Task goal: Write every entry out again with no changes, and leave the images behind.

++++ Data provided

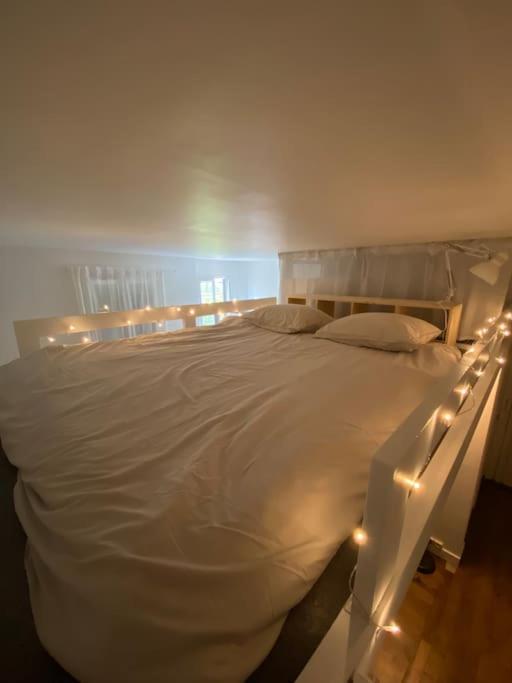 Appartement De Charme Pres Du Stade De France Saint-Denis  Luaran gambar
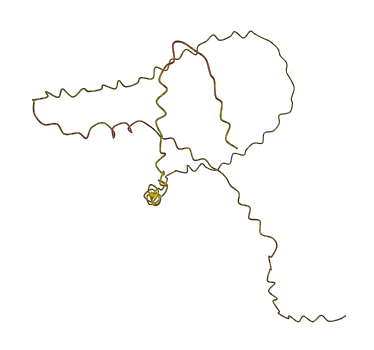 ZNF321P 3D structure
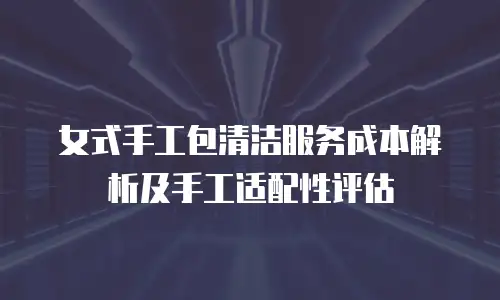 女式手工包清洁服务成本解析及手工适配性评估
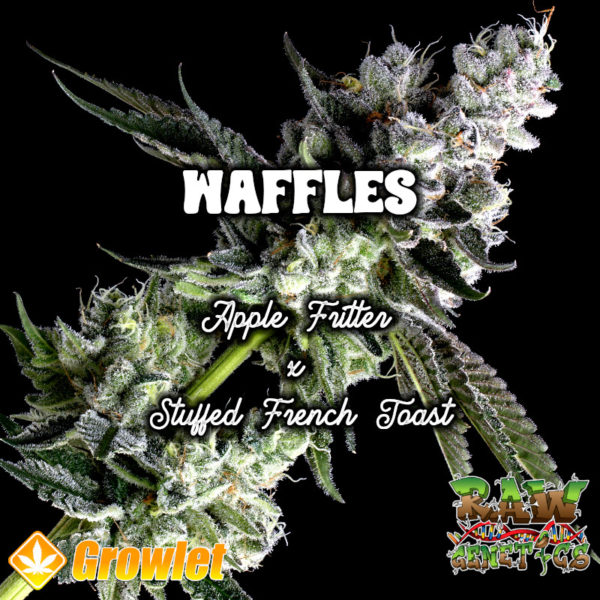 Waffles de Raw Genetics semillas feminizadas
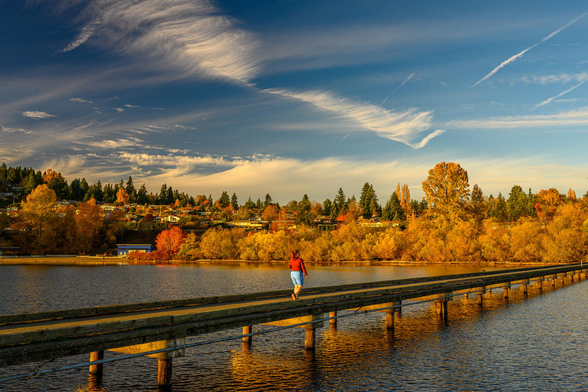 Color photo.  A long wooden pier crosses the bottom of the frame diagonally, above softly rippling water reflecting it.  A person in blue knee length tights and a red long sleeved shirt is walking away from the viewer along the pier.  At the end of the pier, the shore is lined with golden trees, with houses on a slope above.  The sky is a dark blue with wispy clouds.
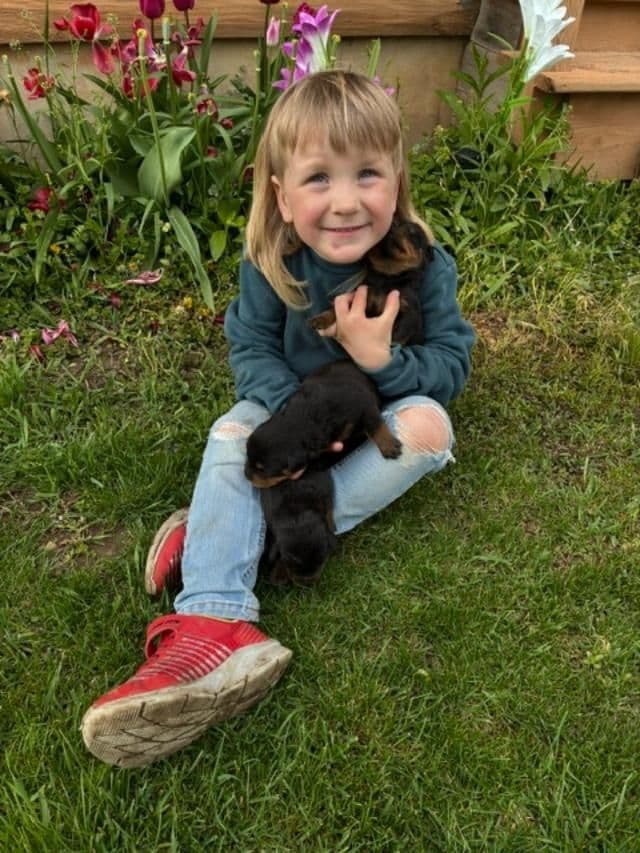 Farm and Family Raised Rottweiler Puppies Born April 18, 2026 media 9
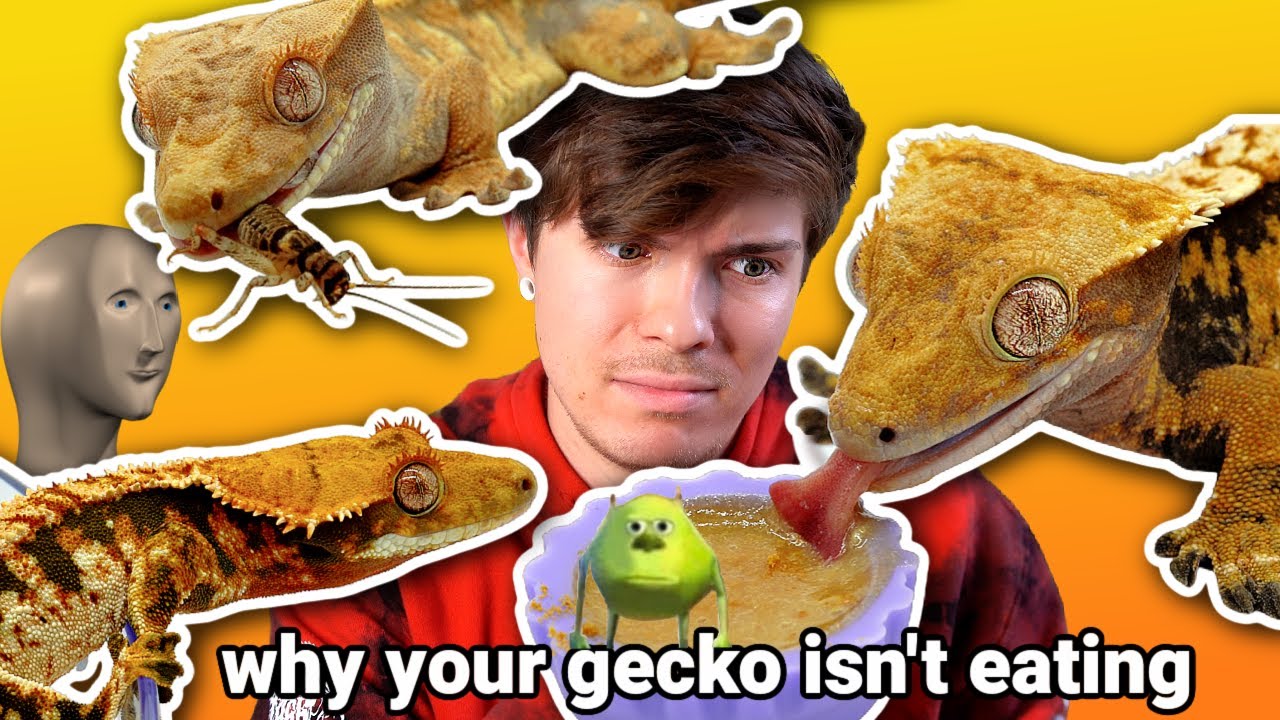WHAT TO DO WHEN YOUR CRESTED GECKO WON'T EAT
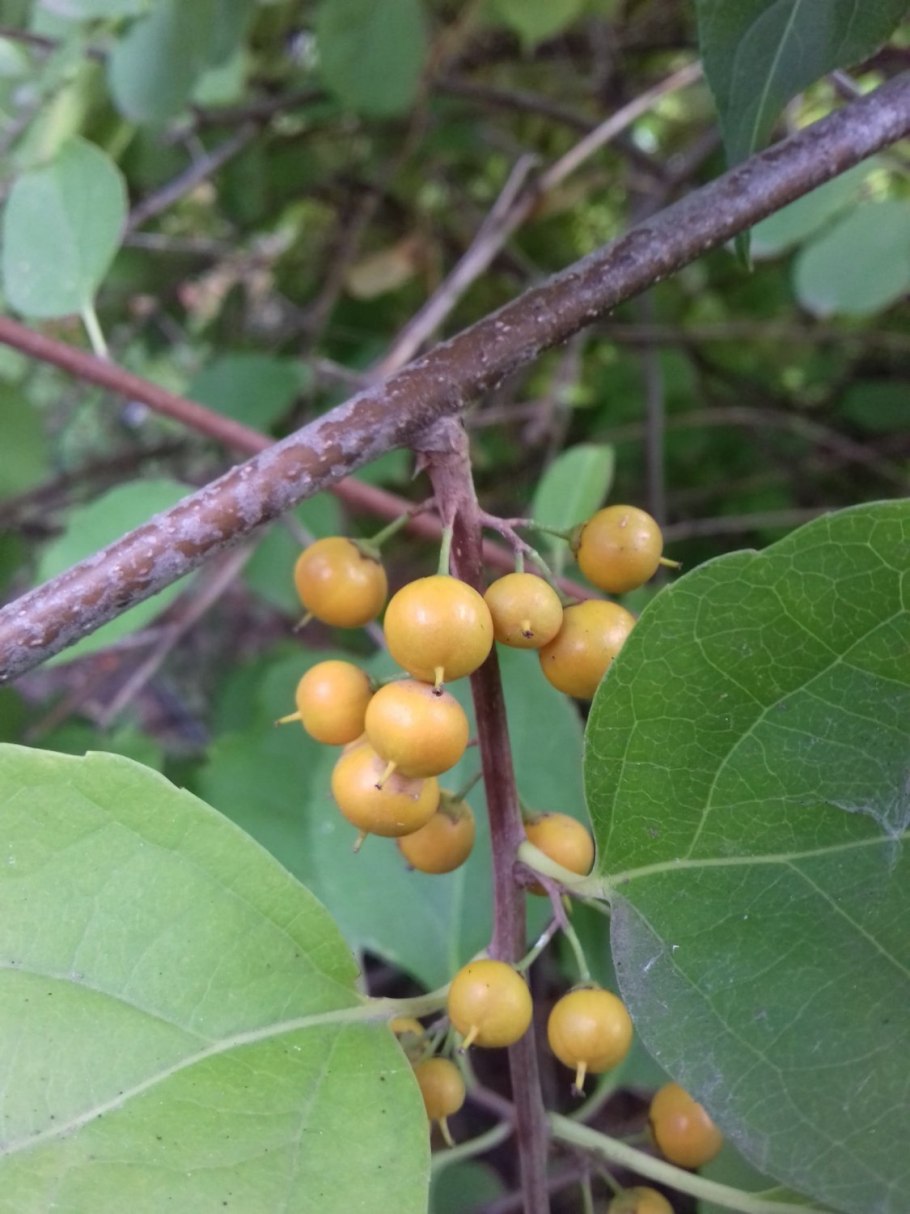 Фикус Сочи дерево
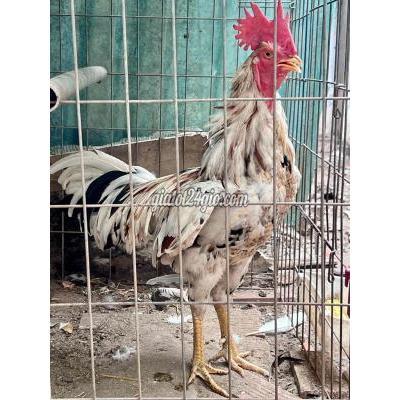 Gà ( Vật Nuôi ) Tân Phú - Hồ Chí Minh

++++++++

Answer section:
 Appartement De Charme Pres Du Stade De France Saint-Denis  Luaran gambar
 ZNF321P 3D structure
 女式手工包清洁服务成本解析及手工适配性评估
 Waffles de Raw Genetics semillas feminizadas
 Color photo.  A long wooden pier crosses the bottom of the frame diagonally, above softly rippling water reflecting it.  A person in blue knee length tights and a red long sleeved shirt is walking away from the viewer along the pier.  At the end of the pier, the shore is lined with golden trees, with houses on a slope above.  The sky is a dark blue with wispy clouds.
 Farm and Family Raised Rottweiler Puppies Born April 18, 2026 media 9
WHAT TO DO WHEN YOUR CRESTED GECKO WON'T EAT
 Фикус Сочи дерево
 Gà ( Vật Nuôi ) Tân Phú - Hồ Chí Minh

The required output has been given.